Getting the power back down to the surface? Now there's the problem. Geosynchronous orbit, in which a satellite stays more or less right above a single point on the Earth, is about 36,000 km (22,500 miles) up in the air. That's nearly three times the width of the Earth, and a bit further than most extension leads can reach. Transmission, plus the hideous expense of space launches, has been the problem.
But space launch costs are coming down with the advent of reusable rockets and alternative launch technologies, and the world is in desperate need of reliable clean energy, so research on space solar continues, particularly focused on improving the efficiency of wireless power transmission, in the hope that we're just a couple of breakthroughs away from commercially competitive extra-terrestrial power generation.
One such research project concerns this "full-link, full-system space solar power ground verification system," built at Xidian University in Xi'an, North-Central China – a former capital of China under many dynasties and a city best known to the Western world as the place where 8,000-odd terra cotta warriors were found in a subterranean chamber back in the 70s.
Under the direction of Duan Baoyan, this 75-m (246-ft)-tall ground verification system, which began construction in 2018, has been designed to enable research into "high-efficiency light concentrating and photoelectric conversion, microwave conversion, microwave emission and waveform optimization, microwave beam pointing measurement and control, microwave reception and rectification, and smart mechanical structure design."
According to a Xidian University press release, the facility has recently been approved by a group of visiting experts after demonstrating wireless microwave transmission of power across a 55-m (180-ft) distance.
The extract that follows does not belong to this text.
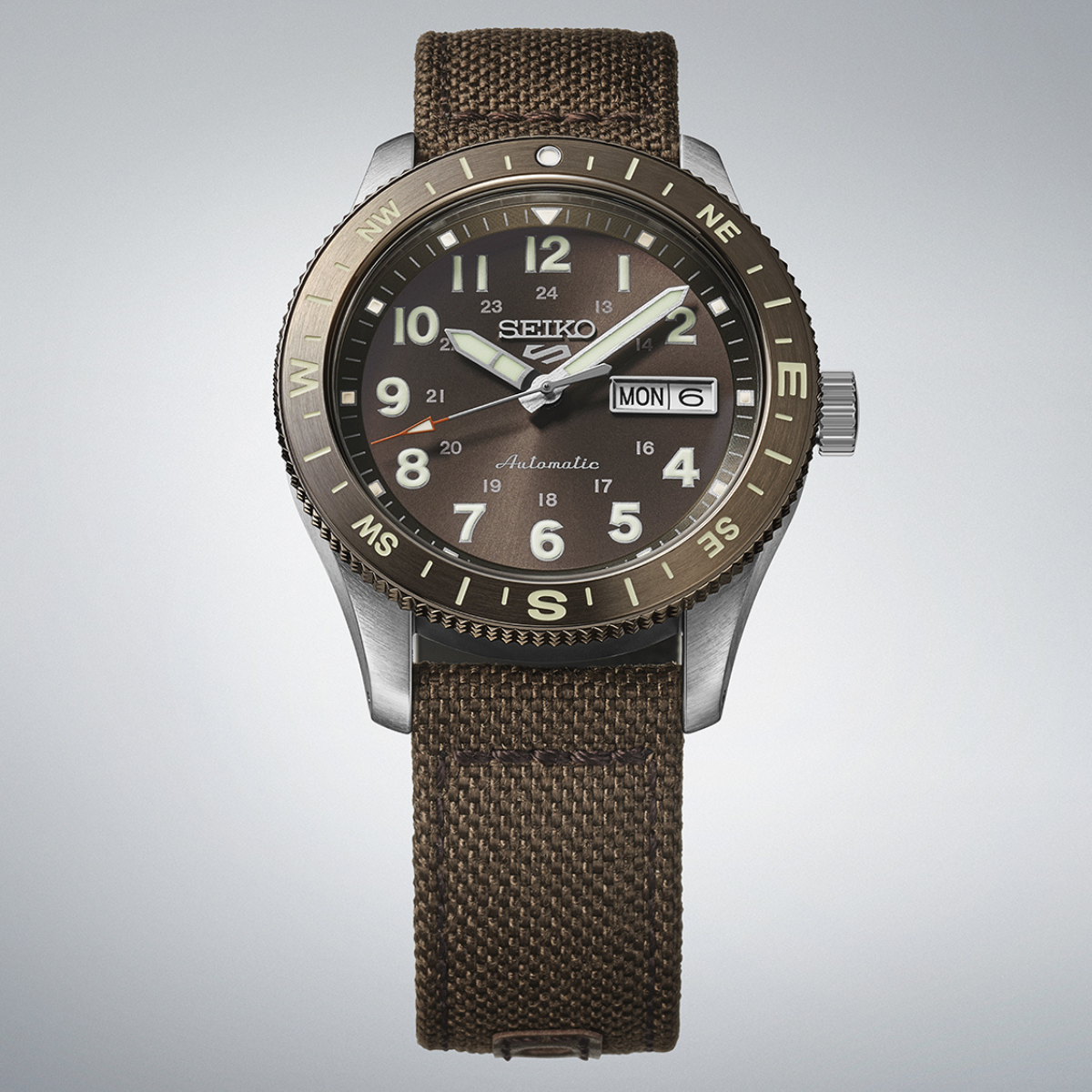 שעון SEIKO SPORT 5 מקולקציית ה Field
It's the first system in the world to cover the full range of space solar functions, including tracking the Sun, concentrating light, converting it to electricity, transmitting it in microwave form, and receiving it at a separate rectenna – and the university says it's running successful tests some three years ahead of schedule.
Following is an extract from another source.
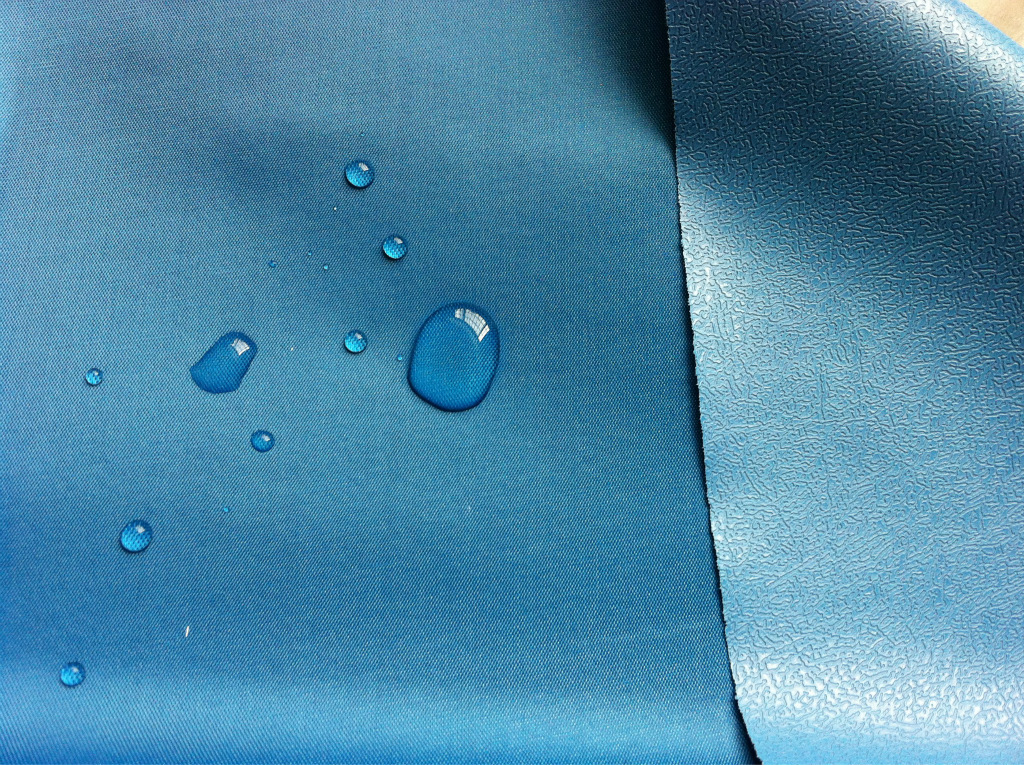 供应轻盈纺 防水 PVC面料 防水布 防水面料 雨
The upper part of the structure suspends an array of dishes that acts as a surrogate satellite, focusing sunlight, converting it to energy and sending it down to the ground, where a rectenna dish collects it.
The research team is under no illusions: getting from 55 m to 36,000 km with high enough efficiency to make space solar worthwhile will "require successive struggles of several generations," according to the press release. It'll be a long time before money spent on this tech bears more fruit than simply building more solar arrays here on the Earth. Indeed, should a space-based energy transmission antenna be deployed, the ground-based rectenna array will most likely need to be several kilometers across in order to receive a useful amount of energy.
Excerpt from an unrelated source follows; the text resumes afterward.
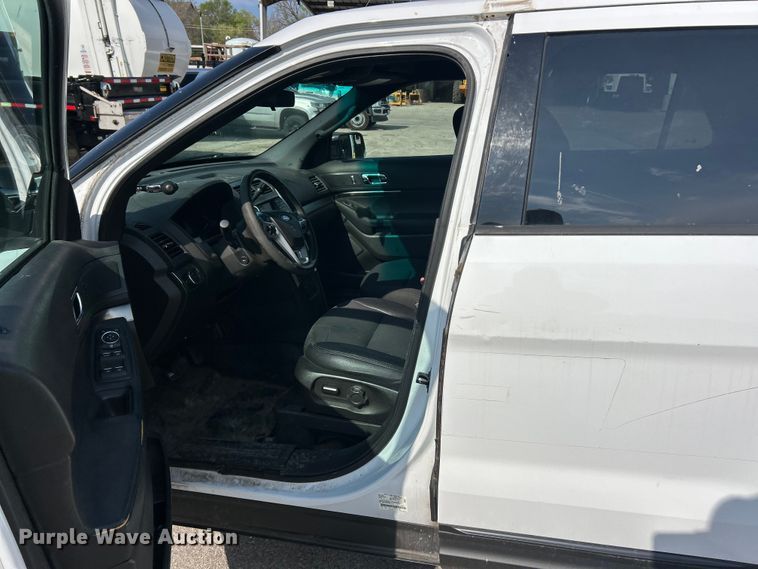 image for item FC5372 2015 Ford Explorer Police Interceptor  SUV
In the meanwhile, companies like New Zealand's Emrod are pushing forth on wireless microwave power transmission for applications closer to the Earth, like replacing high-voltage power lines across difficult terrain.
Source: Xidian University
Even the smallest solar array that can provide any significant amount of power to ground would probably mean billions of dollars of cost!
When same amount of solar power on the ground would cost an extremely tiny fraction/percentage of that!
A billion dollars could purchase enough solar power units to produce a half gigawatt.
Also, space to ground is still subject to atmospheric conditions.
This process would work very well in a space to space mode.
Power source for orbital / lunar installations & projects.
And then there's Mars.
I'm more concerned about issues raised by others, like atmospheric impacts, and some not raised here like instantaneous cutoffs in case the beam goes off target (including the means to keep such events from causing grid upsets). You clearly wouldn't locate receivers in an urban setting as depicted in the article, but likely in a desert. That would resolve most of the safety concerns, as well as minimizing weather impacts and bird risks. You'd have some additional transmission losses due to the distance from load centers, but those would be small compared to the generation increase.